The Fraser Institute cites the greater Windsor area on a list of ten Canadian cities it claims has overstaffed police services, but Chief Al Frederick says the number of sworn officers has decreased.

Livio Di Matteo, the study’s author, a Fraser Institute fellow and economics professor at Lakehead University says police fulfill a fundamental role in society protecting law-abiding citizens from criminals, “But taxpayers can face higher costs for police than the crime rate or other socio-economic factors warrant.”

His study, Police and Crime Rates In Canada, analyzes policing levels, local crime rates and other socio-economic factors such as median family income, unemployment rates and youth populations using Statistics Canada data over a ten-year period to calculate the optimal number of police in metropolitan areas.

That number was compared to the actual number of police officers in Canadian cities.

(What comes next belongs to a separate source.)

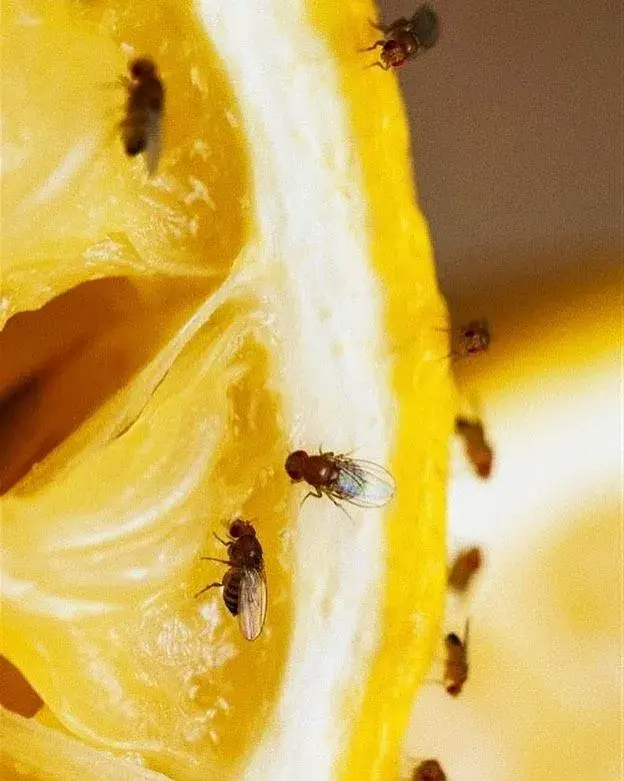 Octomilky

“More police can lead to lower crime but at some point, increased spending on additional police officers has little impact on crime reduction. Today, in many cities across Canada, an excess of police officers are dealing with less and less crime,” Di Matteo said.

Di Matteo adds his study also discovered spending on police grew over a decade while crime rates fell.

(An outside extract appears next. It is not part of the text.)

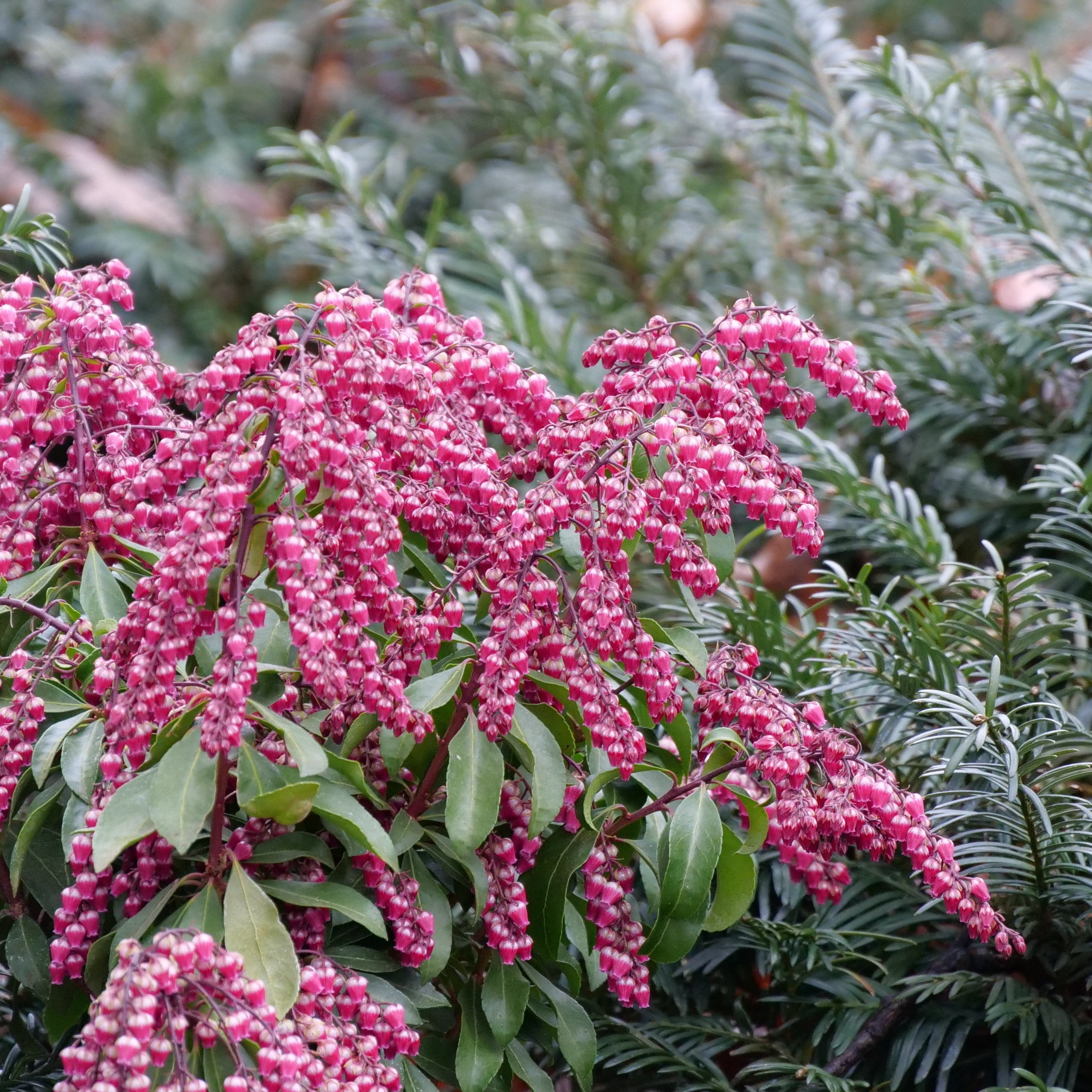 Lily of the Valley Shrub | Interstella® | Proven Winners® Shrubs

He says some people might attribute those declining rates to an increase in police spending, but some districts maintain a larger service than the crime rates warrant, while other districts maintain smaller forces despite relatively high rates of crime.

However, Windsor police Chief Al Frederick says the report covers census metropolitan areas, which includes LaSalle, Amherstburg, Tecumseh, and Lakeshore as part of the Windsor CMA, and is not a comparison of one individual police service to another.

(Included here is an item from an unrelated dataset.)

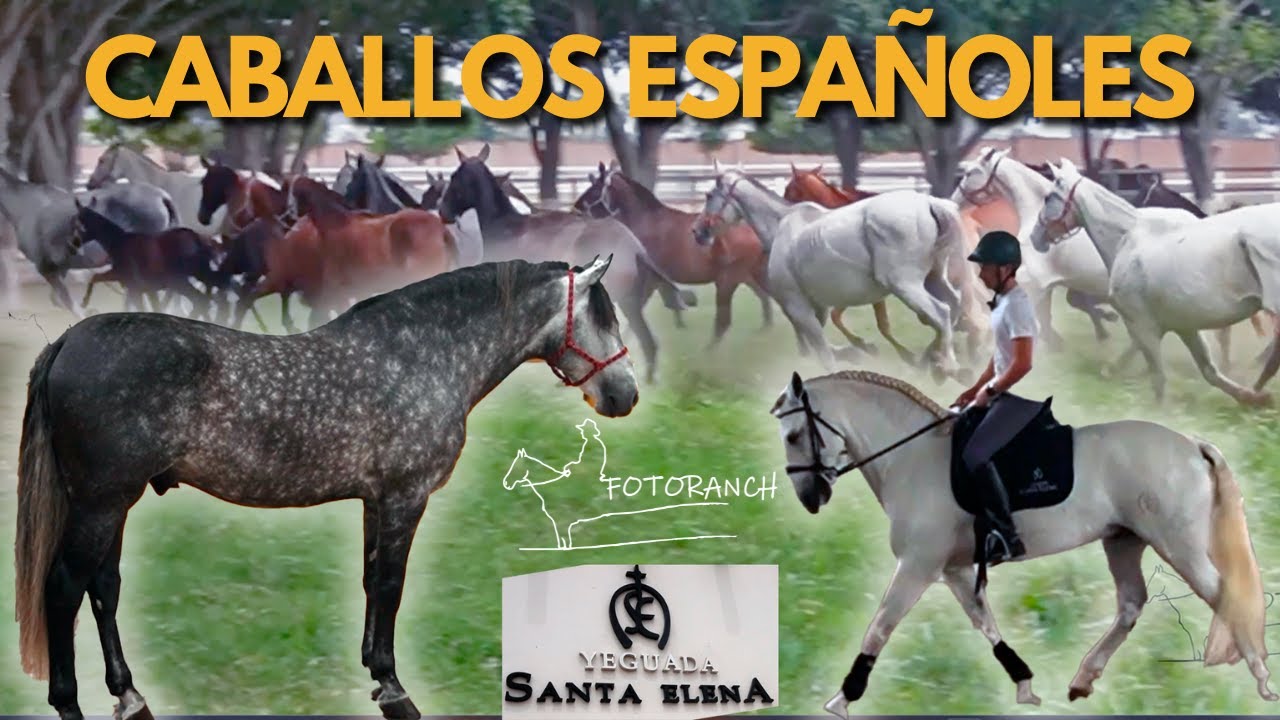 Así es un Criadero de Caballos Españoles | SANTA ELENA | Fotoranch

Frederick also points out the data used was from 2011 and does not accurately reflect current staffing levels.

According to Statistics Canada, in 2011 the service had 466 sworn officers, but in 2014 Windsor police has a sworn strength of 440 officers.

Frederick says the 6 per cent drop reduced the overall staffing levels of police officers, per 100,000, in the Windsor CMA without impacting core services.

Frederick adds, in fairness, Windsor has an additional 21 officers, who are paid by the province, as part of the city’s commitment to host a downtown casino.

As well Frederick points out there are a number of liquor license establishments in the downtown area attracting a number of young people from Michigan, requiring a greater police presence on a sustained basis.

The police chief says these two circumstances were not considered in the report.